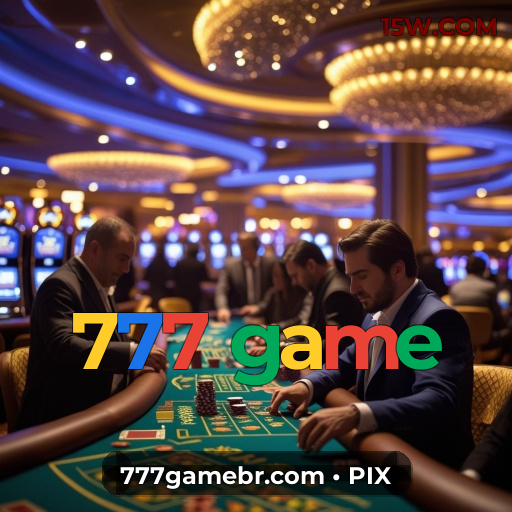 777 game Logo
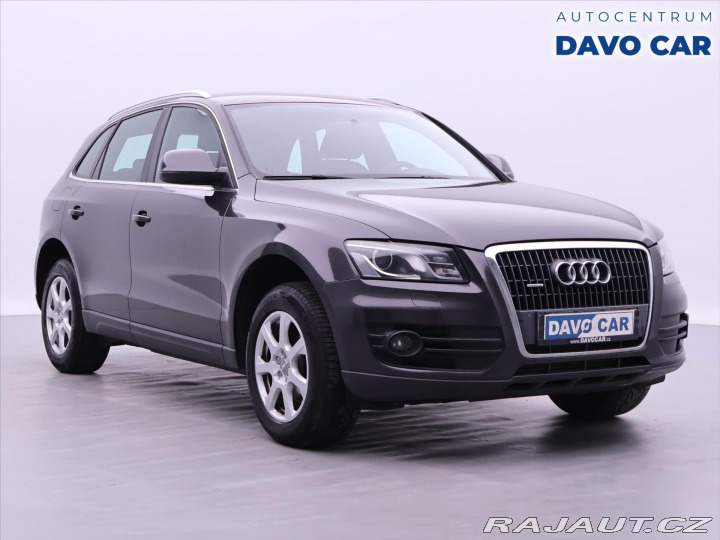 Audi Q5 2,0 TDI Quattro Xenon CZ 2009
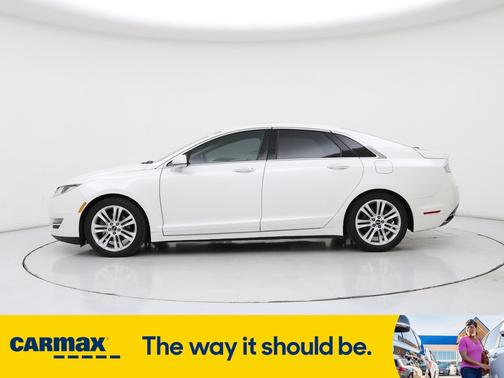 2016 Lincoln MKZ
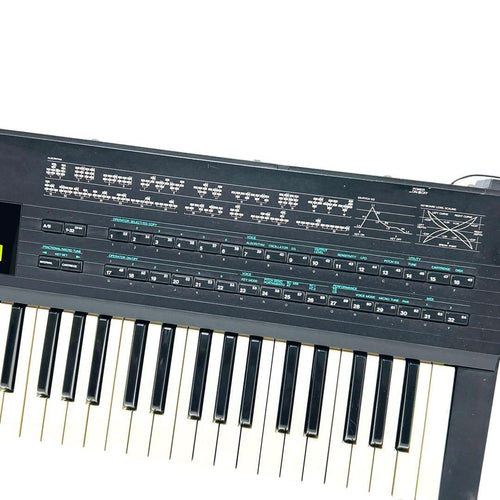Yamaha Other Dx7 Ii-Fd Ok
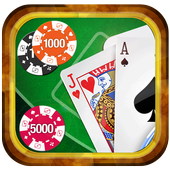 Blackjack 21 Game icon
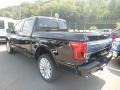 Agate Black - F150 Limited SuperCrew 4x4 Photo No. 6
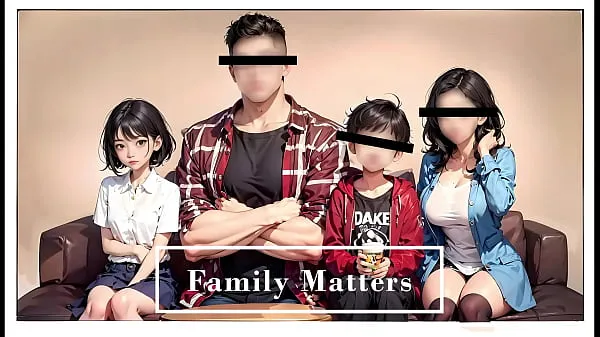 Oglejte si Family Matters: Episode 1 novo cev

◆ ◆ ◆ ◆

- **Work order**:
Please give back the data above word for word, with no pictures included.

- **Written solution**:
 777 game Logo
 Audi Q5 2,0 TDI Quattro Xenon CZ 2009
 2016 Lincoln MKZ
Yamaha Other Dx7 Ii-Fd Ok
 Blackjack 21 Game icon
 Agate Black - F150 Limited SuperCrew 4x4 Photo No. 6
 Oglejte si Family Matters: Episode 1 novo cev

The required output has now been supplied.